Conversely, other religious (Hinduism, Islam) exorcist practices are attempted to ‘cure’ Reuben’s madness after Christianity fails. However, he ends up getting treated in a hospital for the mentally ill which is governed by secular science discourse. The friction between science and religion takes the shape of intense inner conflict within Regina who has to come terms with her religion’s inability to ‘cure’ her son. The ‘(dis)uses’ of religion is interestingly demonstrated by the character, Joseph (pronounced as Yoseph). He is a Christian as his name suggests but he goes for Sabrimala pilgrimage along with his morning alcohol group. For him, the pilgrimage is not an expression of faith but is a programme to reform himself from alcohol abuse. Therefore, going on this pilgrimage while being a Christian does not present itself as a contradiction to him.

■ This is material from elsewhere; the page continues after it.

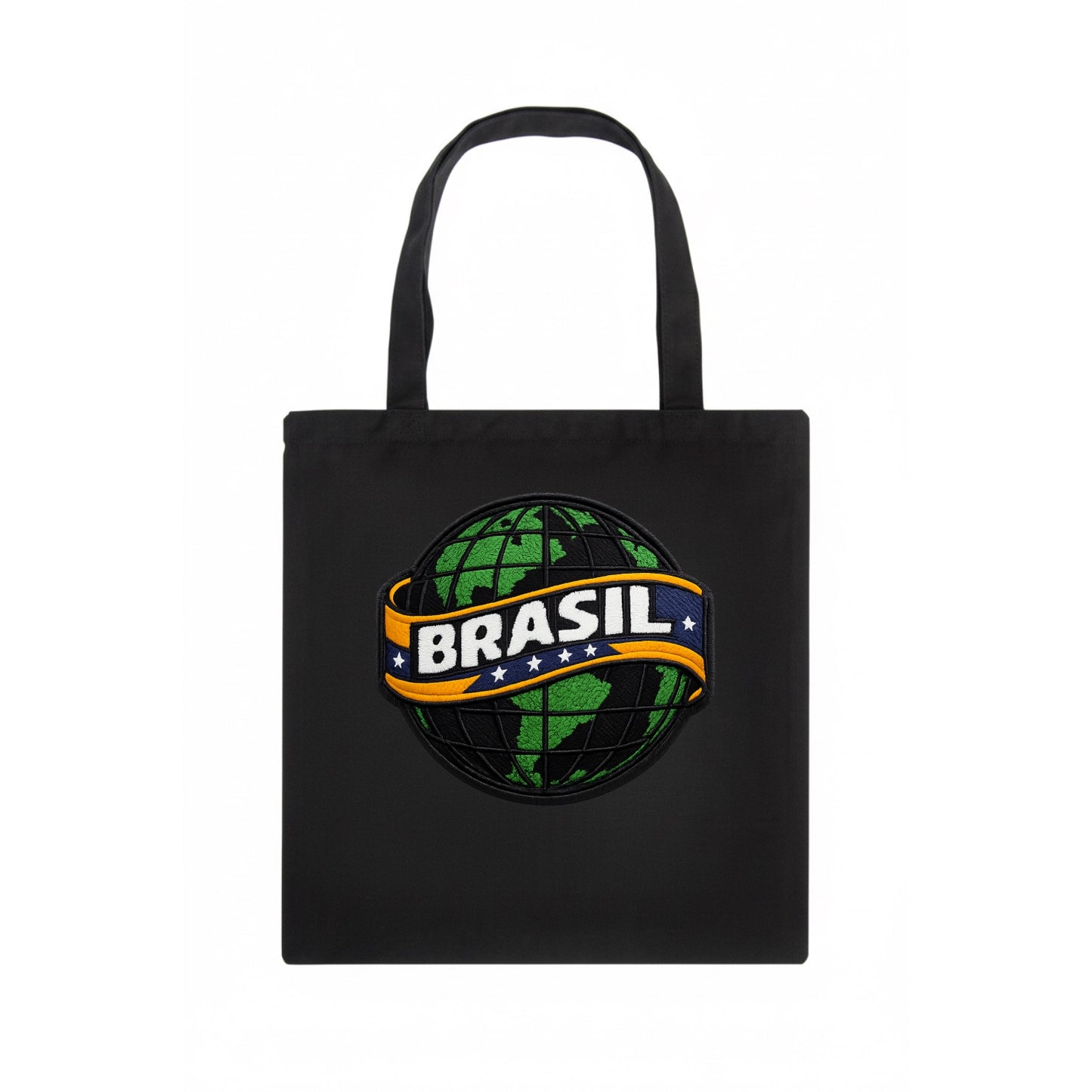 BRAZILIAN FLAG GLOBE - green globe with banner in green yellow blue , Brasil - Tote Bag - dark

Dalit conversion has always been made into a contentious topic in Tamil Nadu. The works of Bama, Raj Gowthaman, Tamil Prabha etc., should be the starting point of that conversation since they shed light on the grounded reality of conversion with all its complexity. Altogether, this novel is part history textbook, part sociology textbook, romance guidebook and a deep rumination about (in)sanity, all in a satiric tone, which makes it very entertaining. It also contains a recipe for kavappu (beef).
The appeal of Pettai, particularly to youngsters, can also be explained by the author’s trajectory, which is also the trajectory of Rueben in the novel. He started as a BPO professional, and began to write extensively on Facebook, amassing fans who encouraged him to write a novel and later transitioned to a journalist. He is curently a scriptwriter. This trajectory would not have been possible without the millennial phenomena of the IT boom and the proliferation of social media, which, for all their vices, have breached the walls of traditional Tamil media.
Pettai’s influence is universal precisely because it is very local. All of our lives are shaped by where we grow up, what we eat, where we work, who we pray to, what we play and how we spend our leisure time and who we love. By bringing together all these life activities, which are themselves, deeply political, Pettai subtly nudges us towards a reflection of our own lives, however different it is from the lives of Chintadripet. The English translation of Pettai is in works.
Kalphana SD is currently pursuing PhD from the Centre for Political Studies, JNU. Her focus is on the nature and character of regional state (Tamil Nadu) through the prism of agrarian reforms post 1991.